# Help! I found an injured "feral" pigeon with suspected broken wing



## birdlover74 (Nov 3, 2012)

Hi there, 

Last night I found a pigeon standing infront of my building door. After inspecting him I found that he couldnt fly. I picked him up and took him inside my unit as i couldnt leave it out in the cold. The bird looks healthy in terms of feathers, eats and walks fine. The right wing is not sittting well. so I suspect it has something wrong with it. I live in Coogee,, Sydney Australia. I have rescued injured pigeons before and made the mistake to take it to the vet. but they are only going to put it down. Wires, RSPCA and other bird rehabilitation organisations wont touch the pigeons because they are not wild birds. If I could get some advise on what to do with it. I dont have the time to spend with him unfortunately. but I do want to see it get help and cured. Perhaps if anyone knows about someone who will take him in and help with the wing or coach me into aiding heal the wing, so that I can then release him back out that would be great! Many thanks.


----------



## Dima (Jan 15, 2011)

Welcome to PT.
Is his wing dragging? Lower than the other. If its recently broken , it can heal in few weeks.
Can you post a pic.? There are a few areas where usually the bones broken. i hope it's not from the back. 
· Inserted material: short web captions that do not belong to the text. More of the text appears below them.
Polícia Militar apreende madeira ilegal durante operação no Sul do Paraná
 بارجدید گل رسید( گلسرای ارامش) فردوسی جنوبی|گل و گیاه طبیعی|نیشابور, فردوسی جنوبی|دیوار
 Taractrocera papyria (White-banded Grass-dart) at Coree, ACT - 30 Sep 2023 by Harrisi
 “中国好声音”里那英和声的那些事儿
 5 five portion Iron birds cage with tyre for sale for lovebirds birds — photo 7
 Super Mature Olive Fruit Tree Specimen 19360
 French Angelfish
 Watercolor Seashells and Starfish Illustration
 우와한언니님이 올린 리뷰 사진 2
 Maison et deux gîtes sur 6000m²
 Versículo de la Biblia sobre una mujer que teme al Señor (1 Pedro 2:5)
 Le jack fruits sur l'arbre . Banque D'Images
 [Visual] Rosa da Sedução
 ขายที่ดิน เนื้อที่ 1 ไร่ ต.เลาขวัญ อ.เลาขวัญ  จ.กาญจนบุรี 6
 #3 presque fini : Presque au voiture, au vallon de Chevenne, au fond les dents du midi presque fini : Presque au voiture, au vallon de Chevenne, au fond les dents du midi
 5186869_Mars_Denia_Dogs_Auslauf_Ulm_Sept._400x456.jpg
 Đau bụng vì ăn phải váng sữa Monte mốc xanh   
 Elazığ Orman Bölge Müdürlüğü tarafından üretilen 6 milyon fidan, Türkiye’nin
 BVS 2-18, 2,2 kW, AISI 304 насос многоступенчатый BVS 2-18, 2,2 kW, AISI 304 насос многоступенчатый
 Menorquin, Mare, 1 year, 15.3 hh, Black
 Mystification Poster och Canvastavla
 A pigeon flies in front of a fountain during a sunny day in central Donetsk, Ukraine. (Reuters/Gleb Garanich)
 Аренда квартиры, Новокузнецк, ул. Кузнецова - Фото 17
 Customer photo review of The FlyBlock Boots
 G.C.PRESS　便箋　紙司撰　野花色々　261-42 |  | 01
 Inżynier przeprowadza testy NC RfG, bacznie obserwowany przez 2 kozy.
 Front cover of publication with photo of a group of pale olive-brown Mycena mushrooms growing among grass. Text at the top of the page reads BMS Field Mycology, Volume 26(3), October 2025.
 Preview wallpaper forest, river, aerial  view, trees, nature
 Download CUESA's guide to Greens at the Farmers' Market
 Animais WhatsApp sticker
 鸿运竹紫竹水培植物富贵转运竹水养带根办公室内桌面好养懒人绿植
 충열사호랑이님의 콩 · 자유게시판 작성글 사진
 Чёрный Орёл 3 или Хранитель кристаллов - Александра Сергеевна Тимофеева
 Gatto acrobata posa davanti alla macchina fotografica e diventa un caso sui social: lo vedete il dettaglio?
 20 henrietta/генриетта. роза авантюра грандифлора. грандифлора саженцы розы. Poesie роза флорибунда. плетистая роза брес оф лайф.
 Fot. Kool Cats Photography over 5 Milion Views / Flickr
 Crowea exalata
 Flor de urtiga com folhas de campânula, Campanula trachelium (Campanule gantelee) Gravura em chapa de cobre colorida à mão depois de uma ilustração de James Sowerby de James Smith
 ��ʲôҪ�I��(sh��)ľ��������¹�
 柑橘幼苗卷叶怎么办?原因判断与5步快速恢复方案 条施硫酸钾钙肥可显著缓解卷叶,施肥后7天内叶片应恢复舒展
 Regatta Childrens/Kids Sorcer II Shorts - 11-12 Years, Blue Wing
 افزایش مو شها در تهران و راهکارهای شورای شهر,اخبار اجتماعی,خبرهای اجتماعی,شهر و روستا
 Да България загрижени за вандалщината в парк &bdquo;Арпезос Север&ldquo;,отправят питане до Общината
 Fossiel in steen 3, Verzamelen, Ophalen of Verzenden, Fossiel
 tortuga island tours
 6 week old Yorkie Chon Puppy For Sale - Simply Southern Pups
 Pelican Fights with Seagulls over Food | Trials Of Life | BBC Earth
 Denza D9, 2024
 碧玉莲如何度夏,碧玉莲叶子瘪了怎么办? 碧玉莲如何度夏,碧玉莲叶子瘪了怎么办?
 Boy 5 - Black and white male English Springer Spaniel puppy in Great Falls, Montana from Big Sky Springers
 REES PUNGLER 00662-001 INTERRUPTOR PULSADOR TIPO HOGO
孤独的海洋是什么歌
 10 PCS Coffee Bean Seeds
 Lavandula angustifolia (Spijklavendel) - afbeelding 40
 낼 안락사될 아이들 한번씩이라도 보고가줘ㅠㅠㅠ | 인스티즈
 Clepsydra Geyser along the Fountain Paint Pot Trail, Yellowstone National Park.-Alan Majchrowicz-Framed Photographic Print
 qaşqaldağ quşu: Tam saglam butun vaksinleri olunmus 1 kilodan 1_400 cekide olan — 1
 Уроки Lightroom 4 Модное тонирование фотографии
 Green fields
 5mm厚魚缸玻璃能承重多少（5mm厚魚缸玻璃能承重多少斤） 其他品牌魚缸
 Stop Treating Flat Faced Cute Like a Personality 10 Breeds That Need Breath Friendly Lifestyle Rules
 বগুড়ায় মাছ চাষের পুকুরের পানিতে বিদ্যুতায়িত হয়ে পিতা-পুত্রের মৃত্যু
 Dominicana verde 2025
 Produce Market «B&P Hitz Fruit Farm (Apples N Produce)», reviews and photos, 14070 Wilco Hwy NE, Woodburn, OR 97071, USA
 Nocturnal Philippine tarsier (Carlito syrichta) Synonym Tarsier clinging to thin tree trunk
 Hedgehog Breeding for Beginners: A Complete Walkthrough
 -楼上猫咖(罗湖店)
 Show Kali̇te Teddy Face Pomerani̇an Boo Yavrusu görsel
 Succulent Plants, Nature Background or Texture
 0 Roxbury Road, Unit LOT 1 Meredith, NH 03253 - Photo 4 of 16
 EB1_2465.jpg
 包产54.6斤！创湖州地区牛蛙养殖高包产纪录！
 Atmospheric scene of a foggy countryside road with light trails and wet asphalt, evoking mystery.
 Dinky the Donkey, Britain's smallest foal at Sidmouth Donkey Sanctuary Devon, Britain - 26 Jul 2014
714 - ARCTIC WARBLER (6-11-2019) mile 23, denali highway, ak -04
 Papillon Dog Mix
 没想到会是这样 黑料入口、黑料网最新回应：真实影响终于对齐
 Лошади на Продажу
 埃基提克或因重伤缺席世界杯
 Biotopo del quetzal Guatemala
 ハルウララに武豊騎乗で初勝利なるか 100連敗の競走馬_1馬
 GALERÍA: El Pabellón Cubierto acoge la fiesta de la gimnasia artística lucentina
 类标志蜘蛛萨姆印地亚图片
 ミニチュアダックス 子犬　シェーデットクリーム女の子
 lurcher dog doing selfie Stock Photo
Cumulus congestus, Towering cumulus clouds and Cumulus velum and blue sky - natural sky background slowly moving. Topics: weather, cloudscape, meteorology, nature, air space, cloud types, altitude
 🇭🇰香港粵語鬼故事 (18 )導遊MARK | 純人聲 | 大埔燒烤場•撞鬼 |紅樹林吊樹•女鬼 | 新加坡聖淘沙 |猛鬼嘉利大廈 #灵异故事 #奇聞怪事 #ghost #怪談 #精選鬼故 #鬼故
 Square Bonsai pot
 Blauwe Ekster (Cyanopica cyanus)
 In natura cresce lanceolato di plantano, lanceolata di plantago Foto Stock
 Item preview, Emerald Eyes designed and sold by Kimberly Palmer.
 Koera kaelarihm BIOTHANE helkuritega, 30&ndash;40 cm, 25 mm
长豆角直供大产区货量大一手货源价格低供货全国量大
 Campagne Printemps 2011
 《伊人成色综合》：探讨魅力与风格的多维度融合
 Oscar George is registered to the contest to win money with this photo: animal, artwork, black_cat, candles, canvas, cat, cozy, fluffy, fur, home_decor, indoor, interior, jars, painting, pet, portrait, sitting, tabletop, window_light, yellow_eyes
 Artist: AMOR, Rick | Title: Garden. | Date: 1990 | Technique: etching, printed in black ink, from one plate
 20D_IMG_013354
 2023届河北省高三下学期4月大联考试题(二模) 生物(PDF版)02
I wonder why in Australia pigeons are not considered wild. What are they? Pets? So sad. But most of organisation here in Canada don't care about pigeons. they take them in but they will not update you or they will tell you they were released ( they euthanize them).


----------



## lanellcheek (Nov 3, 2012)

I am in the same situation with a ring neck dove that I rescued yesterday in the Dallas, Texas area so am very interested in hearing what to do.


----------



## Dima (Jan 15, 2011)

Forgot to mention, You have to take the pigeon in your lap and feel the joints by touching and comparing with the joints of the healthy wing..


----------



## Grimaldy (Feb 25, 2007)

In general, a bird with a broken, or badly sprained wing joint, will drag that wing much lower than the other wing when it walks around. Often dragging it right on the ground.
Wing fractures are tricky because they will heal but there is often a lot of nerve damage that happens that prevents the bird from using the wing for flight at all. First make certain there are no protruding bones. These are a true medical emergency because the fracture is open to infection among other problems. If there are no protruding wing bones just tape the wing tips together over the bird's back so that the stronger wing supports the injured wing as a splint. The so-called "figure 8" wing taping often results in nerve damage to the wing and is no longer used. If you can give 5mg of Ibuprofen for pain control, but be aware if there is any internal bleeding, Ibuprofen or any other NSPR will induce bleeding and you may kill your bird. Do not fool with splints or wing bandaging. After two weeks the wing will heal for what it is worth and the tape can be removed. Meanwhile keep the bird warm, safe and in a cage or lighted box.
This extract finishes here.